**Source material**

....

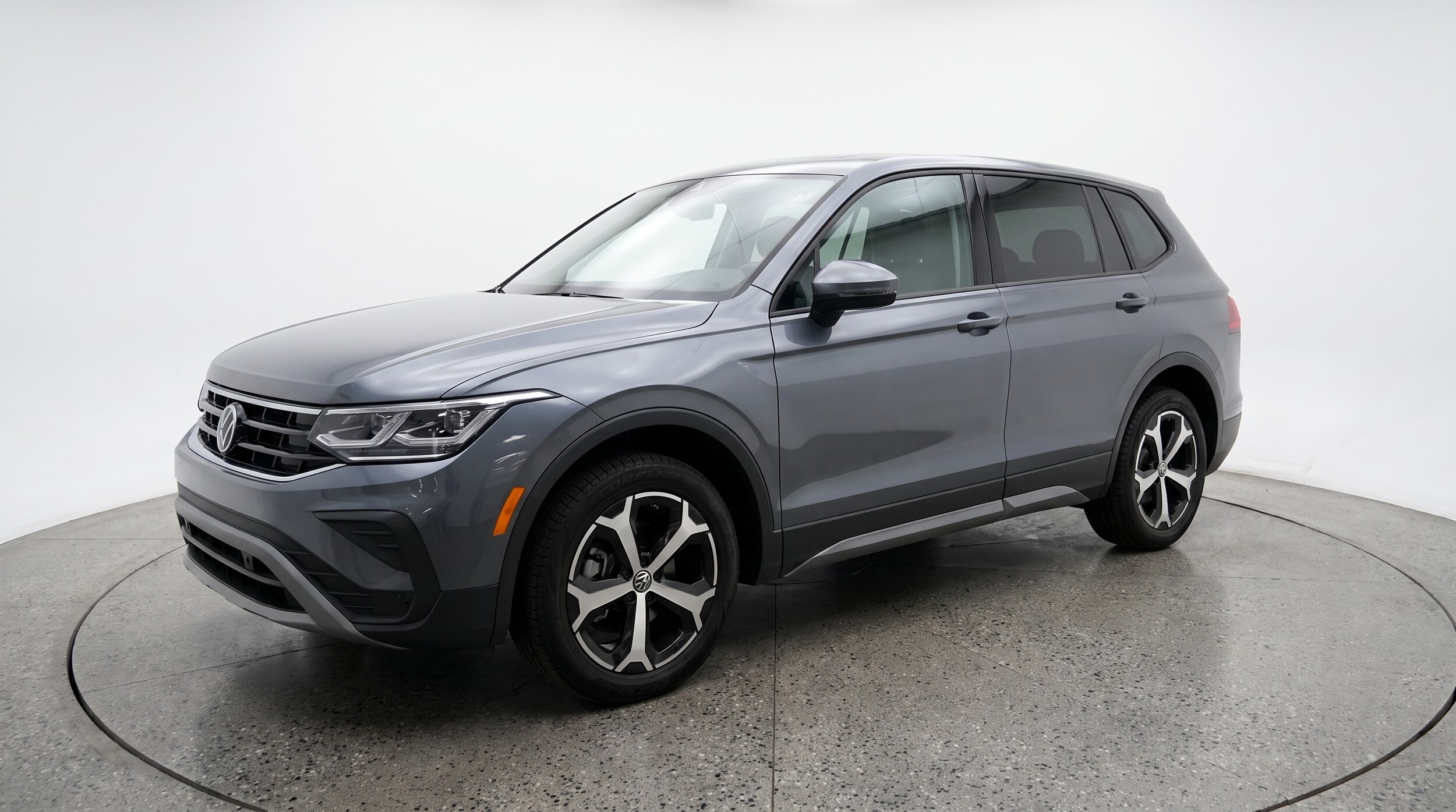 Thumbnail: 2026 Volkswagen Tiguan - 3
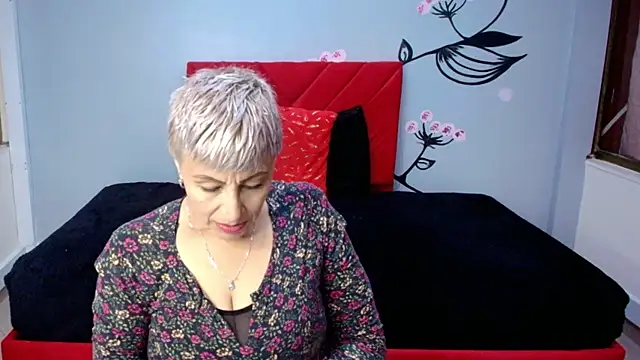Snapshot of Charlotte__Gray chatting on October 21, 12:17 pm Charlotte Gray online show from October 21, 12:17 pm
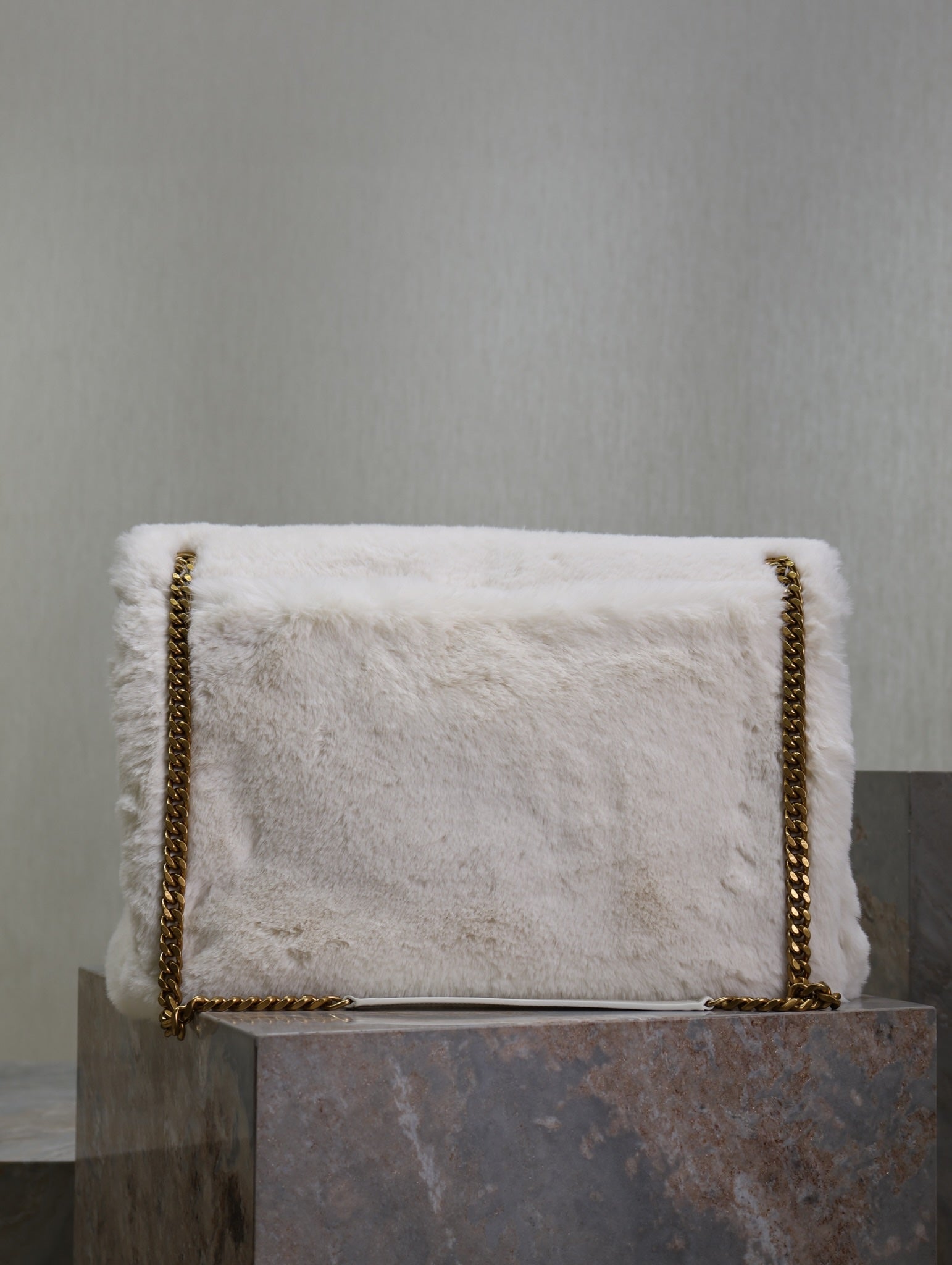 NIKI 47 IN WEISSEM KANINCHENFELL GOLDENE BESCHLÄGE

....

**What to work on**
Keep pictures out and return the lines from the one containing "Snapshot of Charlotte__Gray" through the end of the listing, both included, character for character.

**Solution to this exercise**
Snapshot of Charlotte__Gray chatting on October 21, 12:17 pm Charlotte Gray online show from October 21, 12:17 pm
 NIKI 47 IN WEISSEM KANINCHENFELL GOLDENE BESCHLÄGE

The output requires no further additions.